Page 1 of 1

Repeat and count ... but fastest! (='.'=)

Posted: Thu May 04, 2017 6:43 pm
by Mariasole
Hello to all!!!
I'm doing a little experiment. :shock:

I have a list of words and phrases:

hello
hello
hello
ciao
miao
miao
miao
miao
uurgh!
uurg!
song
song and sing
song and sing




I would like to count the duplicates of this list and put them in order in another list.


4|miao
3|hello
2|song and sing
1|ciao
1|uurgh!


Simple, I said! But in fact if the number of elements of the list to be analyzed increases, the job becomes very slow. :o

Is there an alternative to mine algo? :roll:

Thanks for those who want to give me some help!

Here is my proud code!:

Code: Select all

on mouseUp
   
   // a. initialize...
   put empty into LineMatchCount
   put empty into field "RepeatList"
   
   // b, load field into variable in memory for fastest ;)
   put field "OriginalList" into tOriginalList
   
   // c. Repeat for each line
   repeat for each line tLine in tOriginalList
      
      -- copy tLine into tMatch
      put tLine into tMatch
      
      -- repeat in list for count duplicate line
      repeat for each line yLine in tOriginalList
         
         -- if match then add 1 to LineMatchCount
         if yLine is tMatch then
            add 1 to LineMatchCount
         end if
       
      end repeat
      
     -- put the number of repeat and the key line & return
      put LineMatchCount & "|" & tLine after field "RepeatList"
      put return  after field "RepeatList" 
      
      -- initialize variable
      put empty into LineMatchCount
      
   end repeat
   
   // d. Dedupe RepeatList
   -- I still have to work!
   
   
   //e. sort list RepeatList
   -- I still have to work!
   
   
   
   
   
   
   
end mouseUp





Peace and love at all!

(='.'=)
Mariasole

Re: Repeat and count ... but fastest! (='.'=)

Posted: Thu May 04, 2017 7:52 pm
by SparkOut
Cara Maria

I am not certain whether it is the fastest way but my preferred duplicate count/stripping method is like this:

Code: Select all

on mouseUp
   put field "OriginalList" into tOriginalList
   repeat for each line tLine in tOriginalList
      add 1 to tMatchChecker[(tLine)]
   end repeat
   combine tMatchChecker using return and comma
   sort tMatchChecker numeric descending by item 2 of each
   put tMatchChecker into field "RepeatList"
end mouseUp
It would need a little tweak to make the output match your format, but should be fairly efficient

Re: Repeat and count ... but fastest! (='.'=)

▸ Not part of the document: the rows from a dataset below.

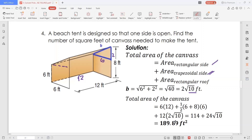Plus the area of the rectangular roof — the length there is 12 and the width is 2 times the square root of 10. So all in all, we'll have 189.89 square feet.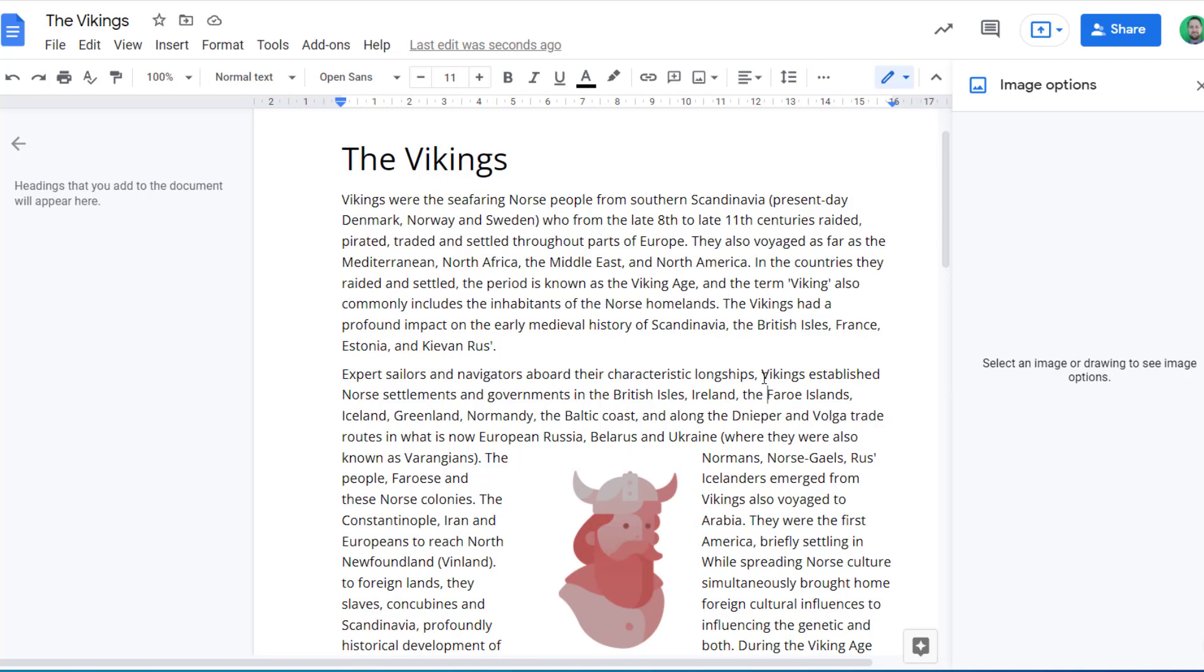So I hope this has shown you some great options to insert, position, and adapt your image so that it has great impact within your Google Doc.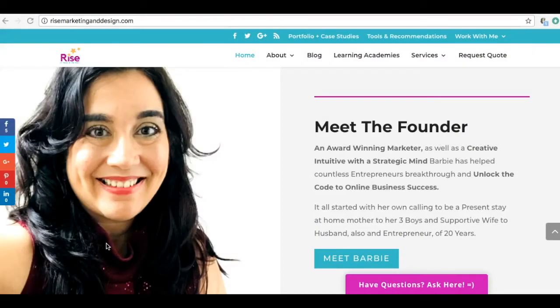Hey guys and gals, this is Barbie Figueroa with Rise Marketing and Design. Thank you for watching. I'm very excited because the more I dig into this amazing Builderall tool, the more I discover. One of those little gems inside of Builderall is the social proof notification pop-up.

Posted: Thu May 04, 2017 7:59 pm
by FourthWorld
This doesn't produce the exact same result, but should be much faster:

Code: Select all

on mouseUp
   put fld "OriginalList" into tList
   repeat for each line tLine in tList
      add 1 to tCountsA[tLine]
   end repeat
   combine tCountsA with cr and "|"
   put tCountsA into fld "RepeatList"
end mouseUp
Perhaps the output format would be useful for what you're doing? Maybe more useful by reducing duplicates? If nothing else, hopefully of at least some value by introducing arrays as a way of managing these sorts of things more efficiently than with delimited strings.

Re: Repeat and count ... but fastest! (='.'=)

Posted: Sat May 06, 2017 1:32 am
by jiml
Mariasole,

If you want form of the output to match your original post:
4|miao
3|hello
2|song and sing
1|ciao
1|uurgh!
then you can tweak SparkOut and Richard's code to this:

Code: Select all

on mouseUp
   put field "OriginalList" into tOriginalList
   repeat for each line tLine in tOriginalList
      add 1 to tMatchChecker[(tLine)]
   end repeat
   combine tMatchChecker by cr and tab
   split tMatchChecker by column
   put tMatchChecker[2] into tMatchCheckerOut[1]
   put tMatchChecker[1] into tMatchCheckerOut[2]
   set columndelimiter to "|"
   combine tMatchCheckerOut using column
   sort tMatchCheckerOut numeric descending by word 1 of each
   put tMatchCheckerOut into field "RepeatList"
end mouseUp

So, with your original input:
hello
hello
hello
ciao
miao
miao
miao
miao
uurgh!
uurg!
song
song and sing
song and sing
That script will produce this output:
4|miao
3|hello
2|song and sing
1|ciao
1|song
1|uurg!
1|uurgh!
NOTE: there is a "combine" bug introduced in LC 9.0 DP-2 which won't be fixed until LC 9.0 DP-7.
So that code currently works in LC versions below 9.0 DP-2

BUG http://quality.livecode.com/show_bug.cgi?id=19411

Jim Lambert

Re: Repeat and count ... but fastest! (='.'=)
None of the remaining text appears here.